There then follows a series of recommendations, including monitoring and auditing such policies. In our judgment, it is important to bear in mind that the Code of Practice is not to be considered in this regard as comprising a list of statutory requirements, each of which must be met in order for an employer to be regarded as having taken all reasonable steps. The steps that would be reasonable in a particular case would depend on the facts. Moreover, the Code of Practice suggests that the reasonable steps "might" include those set out; it does not suggest that the failure to take any one of those steps in relation to any policy will necessarily mean that the reasonable steps defence under the 109(4) of the EqA cannot succeed.
- In the present case, the Tribunal regarded as significant that the employer treated Ms Stevens' conduct seriously and gave her a final written warning. The Tribunal was, in our judgement, entitled in those circumstances to conclude that, notwithstanding the absence of any evidence as to the publication, auditing or monitoring of the policy, the Respondent did take reasonable steps to prevent its employees from doing the discriminatory act in question.

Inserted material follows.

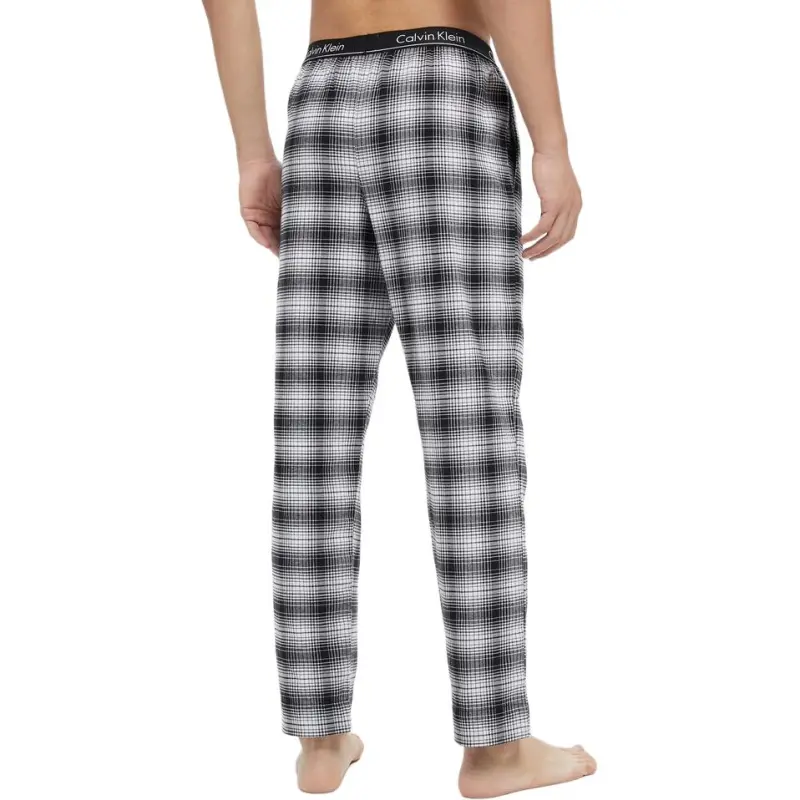 CALVIN KLEIN Pajama Pants Men's Black White Plaid-3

- We do note that the Tribunal omitted the word "all" in paragraph 42. However, the correct test was set out in full at paragraph 30. The Reasons do not indicate, and nor, it appears, was it argued below that there were further steps which the employer ought to have taken but did not. In those circumstances, we do not consider that it would be appropriate to regard the Tribunal's omission of the word "all" as anything other than an infelicity of expression. It is not indicative of an incorrect application of the relevant test.
Conclusion
- For of all those reasons we consider that the grounds of appeal are not made out in this case and that this appeal must be dismissed.